Een icoon uit de Indonesische literaire traditie is vorige week overleden. Hij is het symbool van de Indonesische bewustwording in Nederlands Indië en later degene die de verworven vrijheid verdedigt tegenover de eigen potentaten die ironisch genoeg Nederlandse wetgeving gebruikten om onwelgevallige geluiden de kop in te drukken. Het heeft hem tientallen jaren in gevangenschap en onder huisarrest gekost. In de koloniale tijd, tijdens het regime van Sukarno en vooral onder presidentschap van Soeharto, met als dieptepunt zijn internering op het eiland Buru waar hij niet mocht schrijven.

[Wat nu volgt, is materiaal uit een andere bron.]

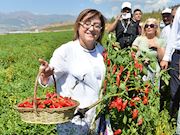 GastroAntep’te lezzet, kültür ve eğlence bir aradaydı
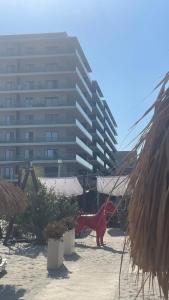 Velvet 43 apartament pe plaja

Op dat eiland zijn de belangrijkste boeken tot stand gekomen. Eerst door ze als verhalen aan medegevangen te vertellen. Later toen hij toegang tot papier en schrijfmateriaal kreeg, zijn ze ook vastgelegd.

Hij is met zijn verhalen een van de redenen geweest waarom ik me in Indonesië ben gaan interesseren en mijn studie ben begonnen in Leiden. Het indrukwekkende vierluik over de opkomst van het Nationalisme in Indonesië heb ik verslonden. In Yogyakarta op de universiteit heb ik een verslag gemaakt voor een college over het boekje Perburuan, zijn eerste boek en het enige op dat moment (1994) vrij te verkrijgen boekje van hem. Hoewel ook dat boek, net als al zijn andere werk met argusogen werd bekeken; angstig om de eventuele “opruiende toespelingen” op de Orde Baru, het regime van Soeharto. Pramoedya lezen was eenvoudiger in het Nederlands, omdat hier alles in vertaling beschikbaar is, dankzij de uit Indonesië gesmokkelde manuscripten.

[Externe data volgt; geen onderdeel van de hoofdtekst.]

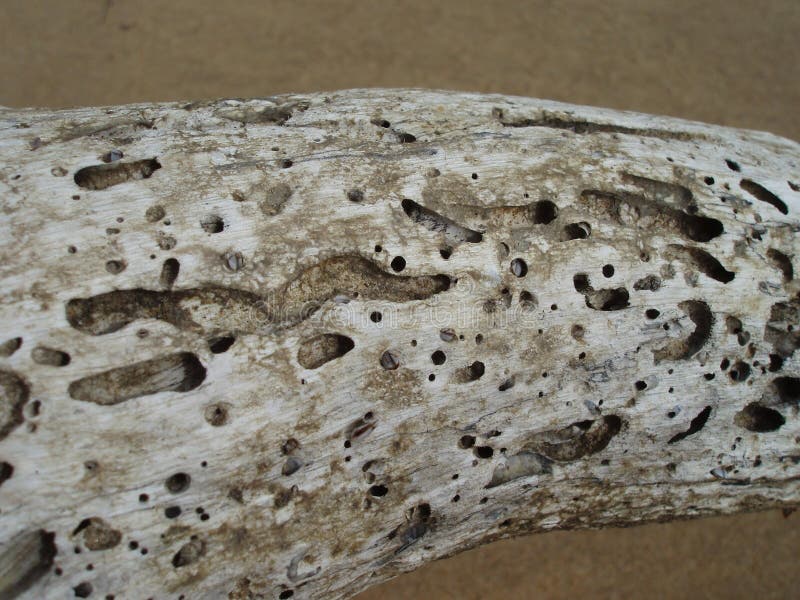 Wood worm eaten log stock image. Image of soil, food 256006005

De Nederlandse titel, vluchteling, doet naar mijn mening overigens geen recht aan de inhoud. Opgejaagd zou mijn keuze geweest zijn. Die betekenis zit ook besloten in het woord perburuan en is het gevoel dat overheerst bij het volgen van de perikelen van de hoofdpersoon.


Pramoedya wordt betiteld als de grootste Indonesische schrijver van de 20e eeuw. Naast zijn omvangrijke oeuvre en de rol die zijn boeken in de strijd om de geschiedschrijving van Indonesië spelen, speelt de vorm, de roman, ook een rol in die kwalificatie. De roman is geen echte Indonesische en zeker geen Javaanse uitingsvorm. Dat heeft alles te maken met het feit dat literatuur en kunst gezamelijk beleefd dienen te worden. In een hoekje zitten lezen is vreemd. Voordragen en uitbeelden is de manier. Toneel, gedichten voordragen, liedjes zingen dat zijn de vormen waar Indonesiërs zich graag in uitleven. En als er gelezen wordt zijn het korte verhalen, een genre waarin schrijvers daar exceleren. De roman is dus wezensvreemd en er zijn weinig schrijvers in Indonesië van romans.

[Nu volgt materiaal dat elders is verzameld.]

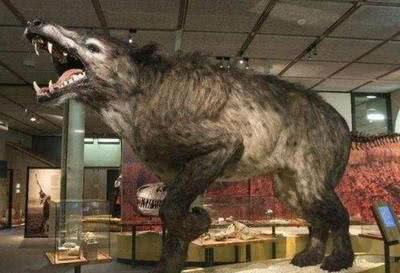 在十二生肖中人类的祖先是指什么,十二生肖的前身都是什么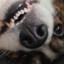 Pawlie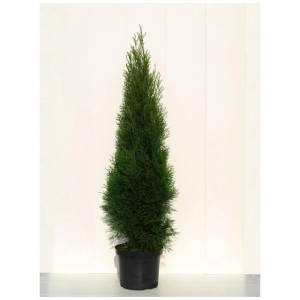 Tuia Smaragd verde smeraldo in vaso, alta 120-140 cm, sempreverde e a crescita densa.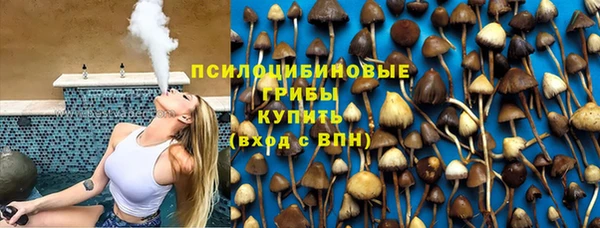 jwh Белокуриха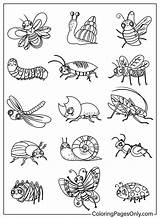 50  Bugs Coloring Pages Free Printable PDF & Online Coloring sketch template
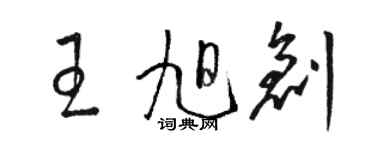 骆恒光王旭创草书个性签名怎么写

Hoewel zeer bekend en omstreden om sommige politieke ideeen, is zijn rol in de tot stand koming van een Indonesisch bewustzijn onderbelicht. Deels door de weinig gelezen romanvorm deels door de slechte beschikbaarheid van zijn werk in Indonesië. Het is te hopen dat hij deze plaats alsnog gaat krijgen. Zijn nabrander is in ieder geval in stijl: een interview in de eerste en naar het zich laat aanzien de laatste editie van de Indonesische Playboy.